One last point: participants in this thread have argued that well, ok, maybe known words can't predict overall skill in the language, but at least, they predict high reading ability. I even _dispute_ this. Just as in the stepping example, language learning is a synergistic set of skills. Even some degree of engaging in other activities (media watching, conversation) can _dramatically_ improve your reading comprehension because you engage with the culture, you meet familiar words in differente contexts and wordss that are rare in writing are common in speech, so you may have missed or misunderstood those.
J.L. Borges has a wonderful story about how Averroesjust can't understand Aristotle's "Poetics" , although he has a wonderful command of the language, because his lack of experience with theatre doesn't allow him to "grok" tragedy. He simply lacks cultural context so he can't understand a text. At the time, that obstacle would've been impossible to overcome. Nowadays you can add to your understanding through direct contact with the culture of your target language. You'll never get that is all you do is add word counts:
J.L. Borges had an incredible imagination, thank you for recommending this story!
I like your solution. Tracking activity is probably a truer representation of work done. Master and Margarita is such a beautiful book, I'm motivated to learn how to read Russian in the future just so I could read the original text and other great Russian works of literature. LingQ should consider introducing better challenges, how about for each language we select 10 Classic works which are available on the library and we get a badge for reading all of them.
To continue with the fitness analogy, I went through a phase of wanting to become stronger at the bench press and I used to naively think increasing repetitions would carry over to an increase in strength in the bench press. 'If I bench more I will be able to bench more' basically.
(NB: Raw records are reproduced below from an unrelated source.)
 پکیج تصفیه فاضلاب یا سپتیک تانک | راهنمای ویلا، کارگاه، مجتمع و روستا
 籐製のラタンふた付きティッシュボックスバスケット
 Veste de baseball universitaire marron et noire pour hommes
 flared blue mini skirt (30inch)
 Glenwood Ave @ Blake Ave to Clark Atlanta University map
And in the beginning that was correct, for a complete beginner simply benching an empty bar more and more times will lead to an increase in strength. But with time, the increments of strength increase will reduce (diminishing returns) until the beginner will have become an intermediate in the movement. In order for the intermediate to continue to gain strength efficiently he must then increase the weight of the bar, which will lead to an increase in volume.
By volume I mean weight x repetitions. Increasing the weight of the bar allows the intermediate to be progressively overloaded, thus leading to further increases in strength.
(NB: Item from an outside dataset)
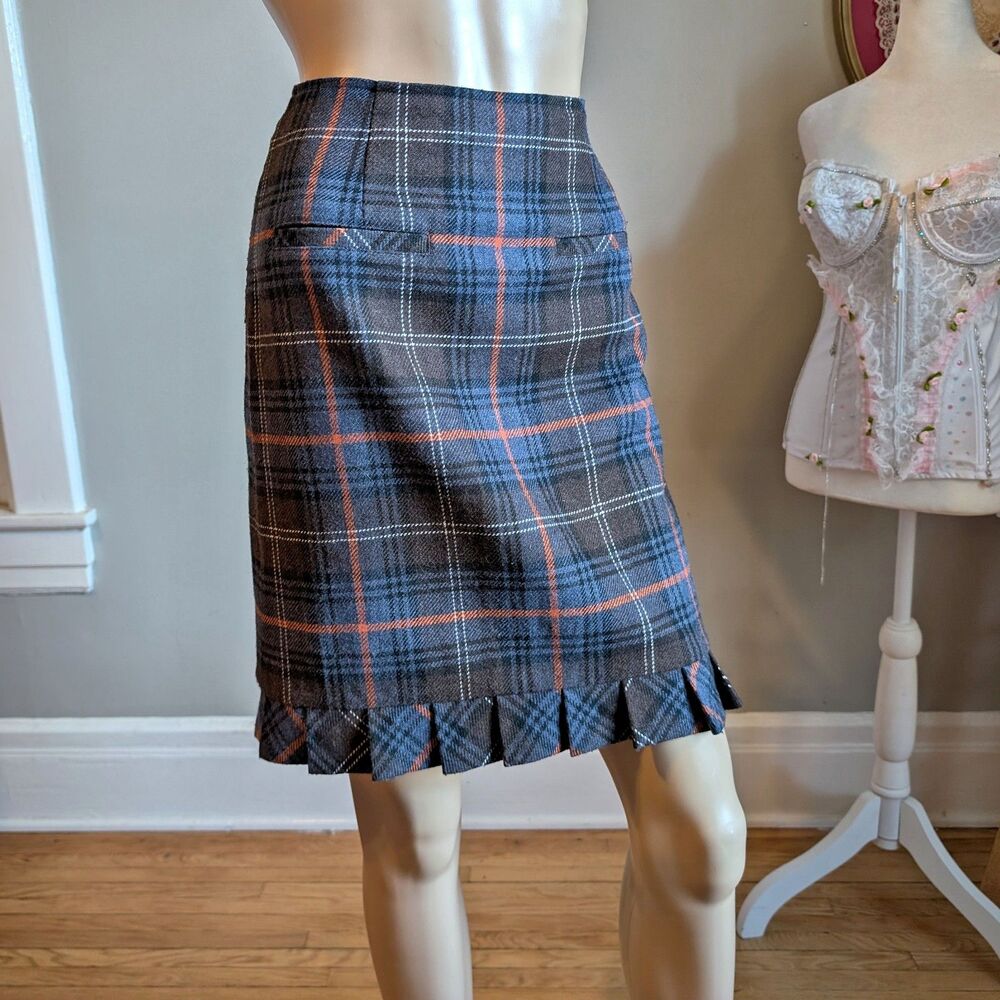 Cabi Mini Skirt Plaid Wool Blend Dark Academia Preppy Twee Corpcore Size 4 - Picture 2 of 9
Soooo, if we look at LingQ through a gym rat's lens we can consider known words as repetitions and consider weight as the difficulty of the text. In the beginning stages of learning a language we will become more fluent (strong) simply by reading lists, lists of vegetables, colours, days, animals etc. But if we want to continue to gain fluency we would be wise to starting increasing the weight on our linguistic barbell by looking at some phrases, articles, poetry, literature.
Strength training continues to be rewarding for me because it has lead me to improve my understanding of diet, biology, discipline, programming and lots of other things.
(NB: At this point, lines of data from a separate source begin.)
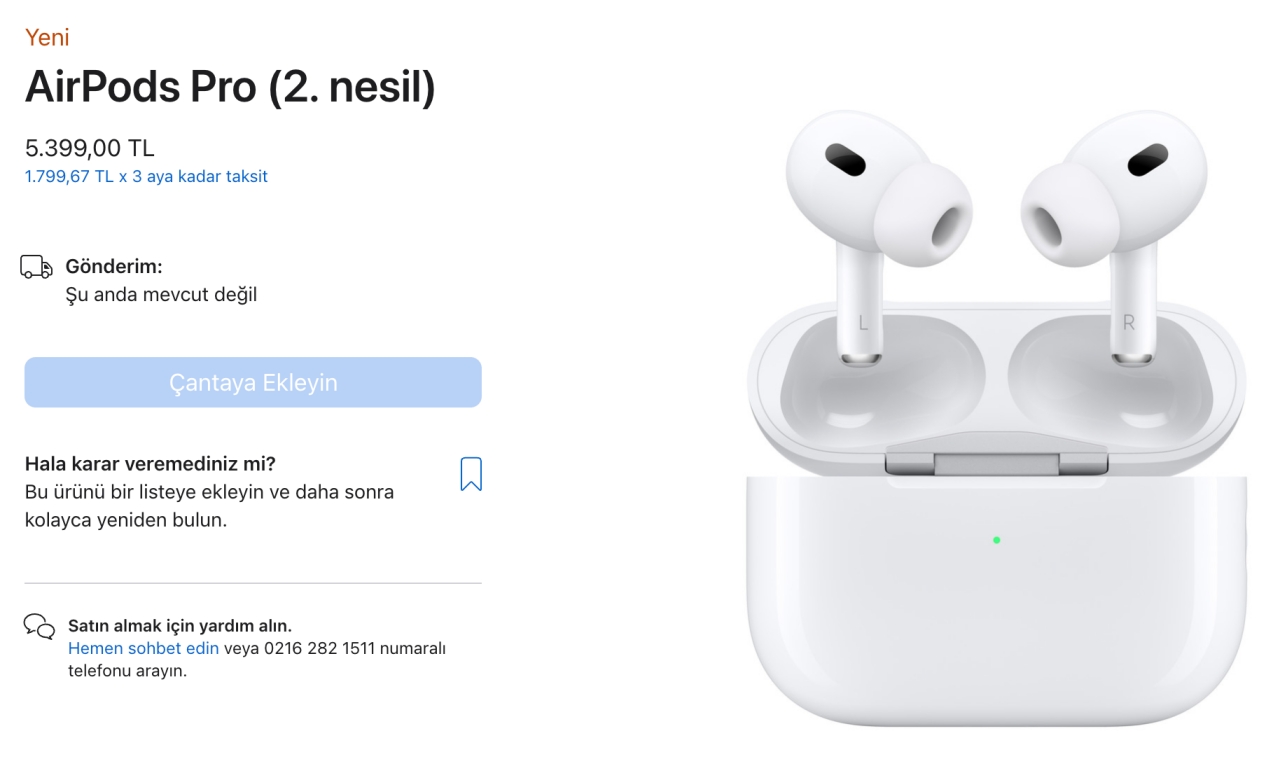 apple AirPods Pro 2 türkiye fiyatı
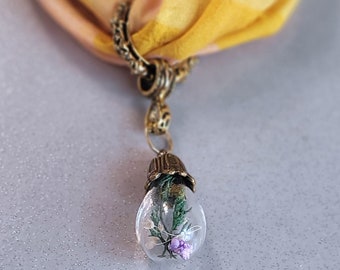 Bronze Floral Scarf Slide Pendant, Bronze Flower Scarf Ring, Handmade Scarf Jewelry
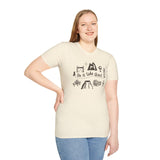 Woman wearing off white t-shirt with adventuring graphics and the phrase "On A Side Quest"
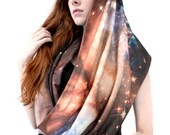 Supernova Galaxy Infinity Scarf, Organic Cotton Infinity Scarf.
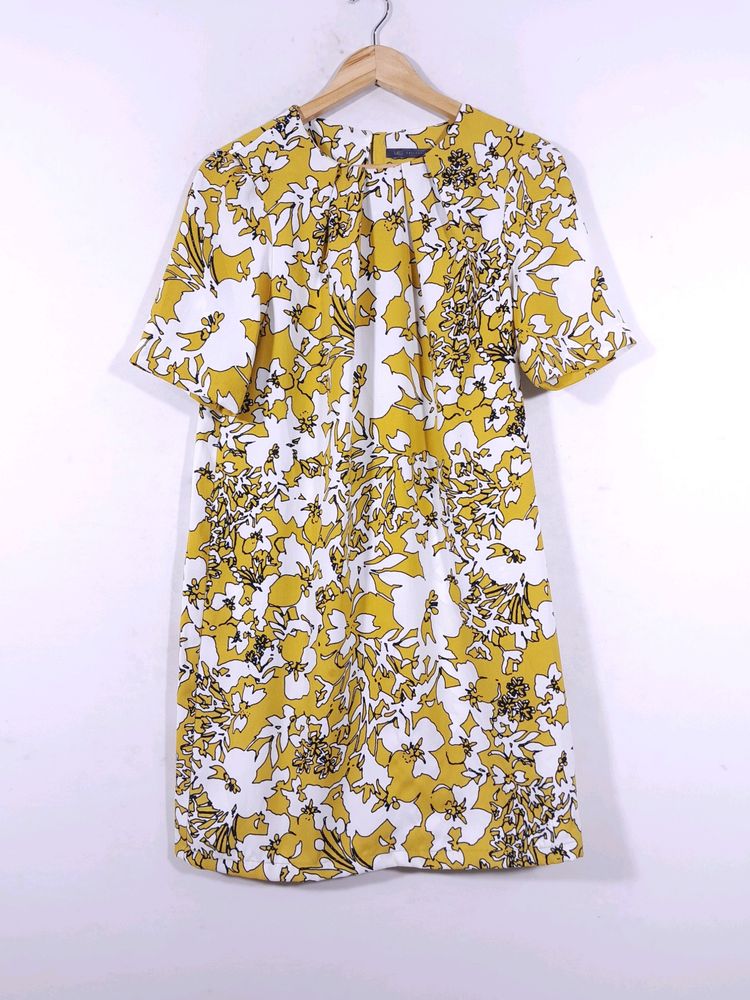 M&S Yellow Printed Western Dress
You touch upon this too. Gaining insight into a foreign culture and acquiring the ability to communicate within it is what it's really all about. It took me a long time to get to 60K known words in Dutch - nothing magical happened when I achieved this but it still felt cool!
If I had to make a greatest hits mixtape of my fondest memories of learning Dutch no LingQ challenge or avatar badge would make the cut. Feeling the depth of wisdom which Anne Frank managed to convey in her famous work at such a young age whilst learning the language stays with me.
Rokkvi, thank you for the post! And I don't think you should have named it any differently - conversation is interesting so far))
It has been interesting, but I agree that the amount of known words does not say how successful you are or have been in a language. I somewhat regret having come off as saying that.
Some great polyglots, like Moses McCormick have used LingQ just a bit, so they will not have high stats but are of course successful language learners. If someone was already fluent in multiple languages and only got high word counts in them, not in any new ones, you could wonder whether they were really that successful in learning anything new.
You could also argue that your success in using LingQ is really how that translates into you language ability beyond LingQ (real life), not your stats on LingQ. I´d have to agree with that.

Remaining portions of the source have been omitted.